The policy will include taking direct aim at China, in part because of the size of our trade deficit, in part because academic studies now confirm the obvious: China's state-subsidized exports have inflicted great harm on Trump's working class base. No, he won't impose the threatened 45 percent tariff on Chinese goods in violation of WTO rules and counter to the wishes of the large number of Republican congressmen who retain their party's long-held belief that free trade maximizes economic growth. Instead, the administration is considering labelling China a currency manipulator and leaving it to the companies injured by those de facto subsidies to seek clearance from the WTO for the President to lay on retaliatory tariffs.

Small problem. Although we have a trade deficit with China, we still sold some $116 billion of goods and services to that country last year, with agricultural products and airplanes leading the way.

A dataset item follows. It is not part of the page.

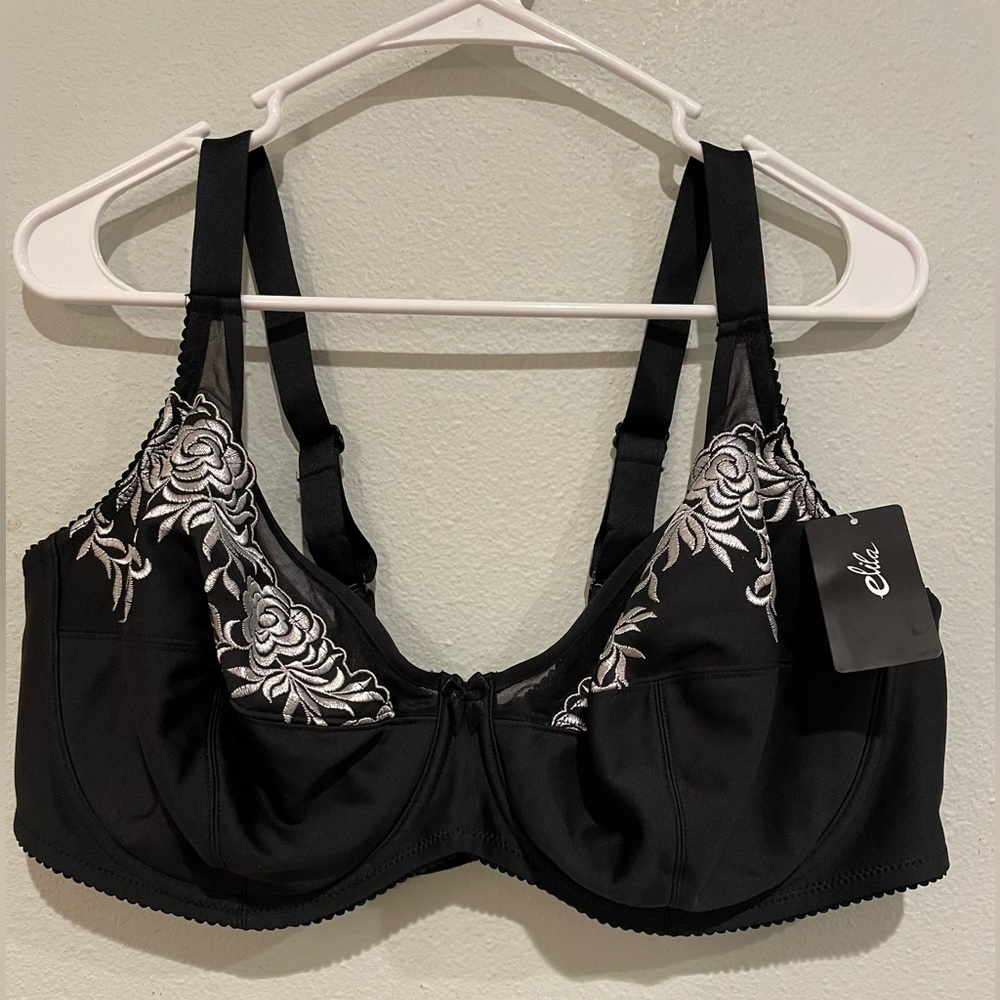 NWT Black and Silver underwire bra by Elila #2401 Size 44D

That creates a constituency in many farm states and in states with important aircraft manufacturing facilities—Trump country—for avoiding a trade war with China. The overall deficit is somebody else's problem.

These and other problems with Trump's trade policy have set congressional Republicans on a different path. They want to use tax reform to (1) lower the corporate rate from 35 percent to 20 percent, (2) make up for the lost revenue by in effect taxing imports, and (3) make U.S. goods more competitive by freeing export sales revenues from taxation. An importer of, say, a BMW would not be allowed to deduct the cost as a business expense, while the exporter of a Cadillac would pay no tax on revenues from sales in Germany. In effect, this mimics current practice by countries using the value-added tax system.

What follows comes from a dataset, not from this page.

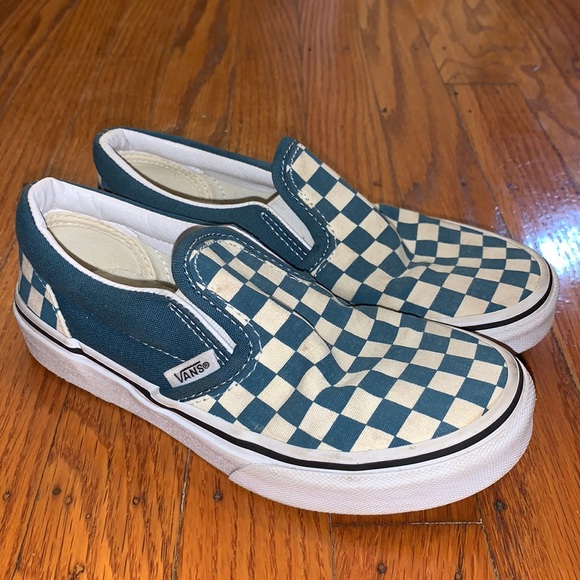 Vans Shoes Vans Teal And White Checkered Slip On Sneakers Kids Size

Goldman Sachs issued a report yesterday contending that this plan is not WTO compliant; other experts disagree. Gary Clyde Hufbauer and Zhiyao (Lucy) Lu of the Peterson Institute for International Economics note it would likely take seven years for any complaint to the WTO to wend its way through the appeals process and result in WTO approval of "countermeasures", by which time Trump will be packing up the White House in anticipation of his return to his Trump Tower eyrie.

Surely the border tax adjustment would result in fairer trade. As economist Larry Lindsey of the eponymous consulting group put it to me, "Nearly every country but America now does this with a VAT." Critics charge that the plan would raise the price of imports—all those trainers, microwave ovens and other products bought by Trump's army of the dispossessed at their local Walmart—by about 20 percent. Not so, say economists. A stronger dollar will enable importers to buy stuff cheaper, offsetting the new border tax. The nation's large retailers met with the president at the White House to tell him to ignore those meddlesome theoretical economists, and Speaker of the House Paul Ryan, and drop the idea entirely. But they do like the idea of a lower corporate tax rate, presumably fully funded by the growth it would stimulate, a long-held myth in some corporate circles.

Trump would like our trade policy to depend on his latest tweet. The American system doesn't work that way. Just as the president can veto an act of Congress, Congress can deny him his wishes by refusing to enact the needed legislation. At this reading it looks as if not much will happen on the trade front until a final decision is made on the shape of tax reform.